It’s far more simple to explain the emergence of proto-states by seeing them as a mutual social contract rather than the establishment of blatantly exploitative relationships by a parasitic minority as depicted in most history books. Over time this social contact became more and more lopsided, to be sure, but it makes it far easier to understand the emergence of such social structures in the first place by seeing them as 1) perceived at least in the beginning as being pro-social, and 2.) emerging out of existing organic relationships rather than being the result of entirely new ones.

Part of this distorted perception comes from the discipline of economics, which is inherently hostile to the very idea of a social contract. Instead, it sees society as nothing more than countless transactions between isolated individuals. But ancient people did see themselves so much as individuals but as members of various groups.

Besides, is the lopsided relationship between primary producers and managerial elites really so hard to understand?

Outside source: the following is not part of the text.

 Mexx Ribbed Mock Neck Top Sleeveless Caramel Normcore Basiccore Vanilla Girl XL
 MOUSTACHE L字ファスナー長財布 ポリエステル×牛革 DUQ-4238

For example, consider the banking and investor classes of modern-day capitalism. They justify their outsized rewards and staggering wealth by claiming that only they can “allocate capital” appropriately, and through such activities, each and every single one of us is made better off! They claim that if capital was allocated by, say, democratic consensus instead of private individuals, it would inevitably be “wasted” and “misallocated.” “Only we,” the bankers proclaim, “and we alone, have the talent and skills to accomplish this task!!” In this, they are perennially backed up and reinforced by the religion of economics, which argues that institutions of collective governance are always rife with “cronysim,” and that “central planning” is always a recipe for disaster (if not dictatorship, c.f. Hayek).

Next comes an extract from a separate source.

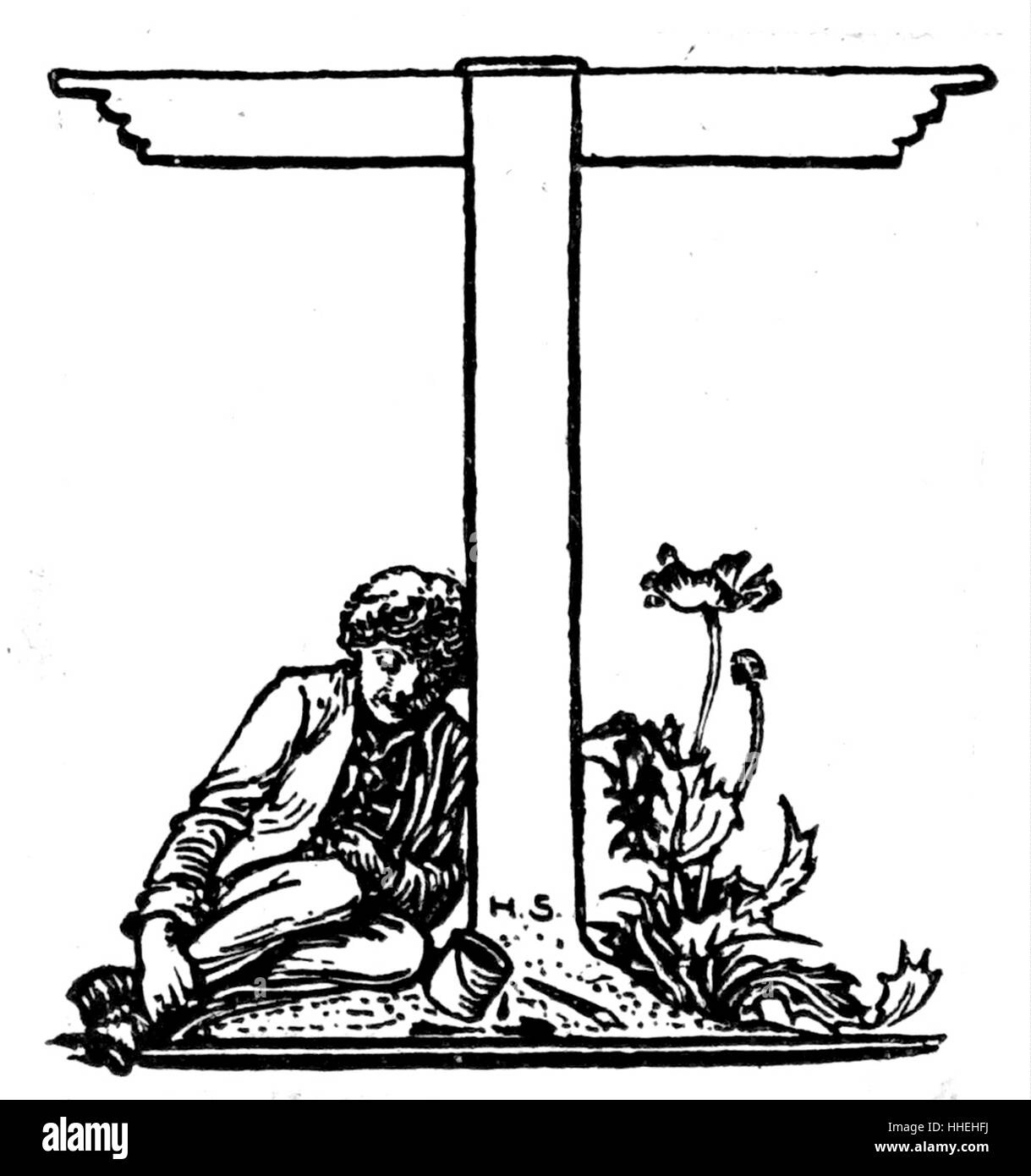 Initial letter 'T' depicting a boy resting by a signpost, by George Heywood Sumner (1853-1940). Dated 19th Century Stock Photo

In fact, we clearly see that more and more of this capital is being “allocated” to support their own lavish lifestyles-exotic vacations, exclusive mansions, private jets and helicopters, palatial condos, rare artwork, luxury goods like sportscars, jewelry, watches and handbags, expensive suits, cocktail parties, and lavish weddings and graduation parties for their offspring that cost more than the average person’s yearly salary.

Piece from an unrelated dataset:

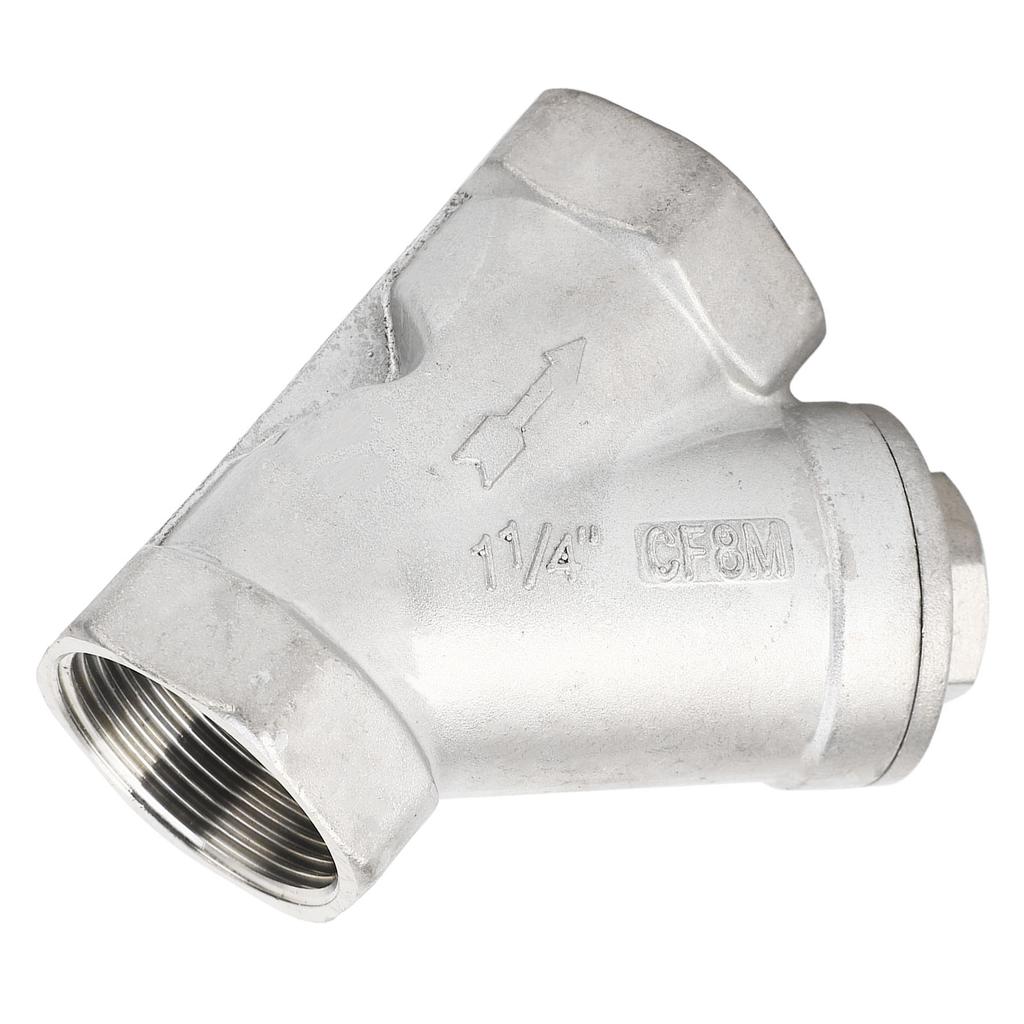 Y Type Strainer 1‑1 4 Inch DN32 Thread 304 Stainless Steel Filter Valve Pipe Fitting for Water Oil Gas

And yet, in spite of all of this, the bankers and executives still claim that their activities are not only necessary, but pro-social! Take away our ‘incentives’ they say, and society will fall back to a more primitive level. “Only we have the ‘special skills’ to do this work,” they claim, just as the ancient rulers claimed to have “special powers” to intercede with the gods and maintain the social order. In fact, during our latest financial crisis, one CEO banker famously claimed to be doing “God’s work”–most likely word-for word the exact same phrase uttered by the pharaohs, kings, princes and potentates of past eras. Has anything really changed?

Yet do we “rise up” and correct this? Why, then, would we expect ancient people to so? Are we really so radically different than the peasants of past eras?

Just like as the temple scribes and priests used their insider knowledge of writing and mathematics to maintain their privileged position vis-a-vis the rest of society in the ancient world, so too do modern bankers use their knowledge of the complex and opaque banking system to bamboozle the public and claim that only they have the “highly specialized knowledge” to manage the economy. In both instances, specialists make recourse to esoteric knowledge unavailable to the common people.This would have made even more sense in ancient times, when only the scribes and priests could manipulate the symbols of mathematics and writing required to maintain the activities of the government bureaucracy, unlike today where literacy and numeracy are commonplace.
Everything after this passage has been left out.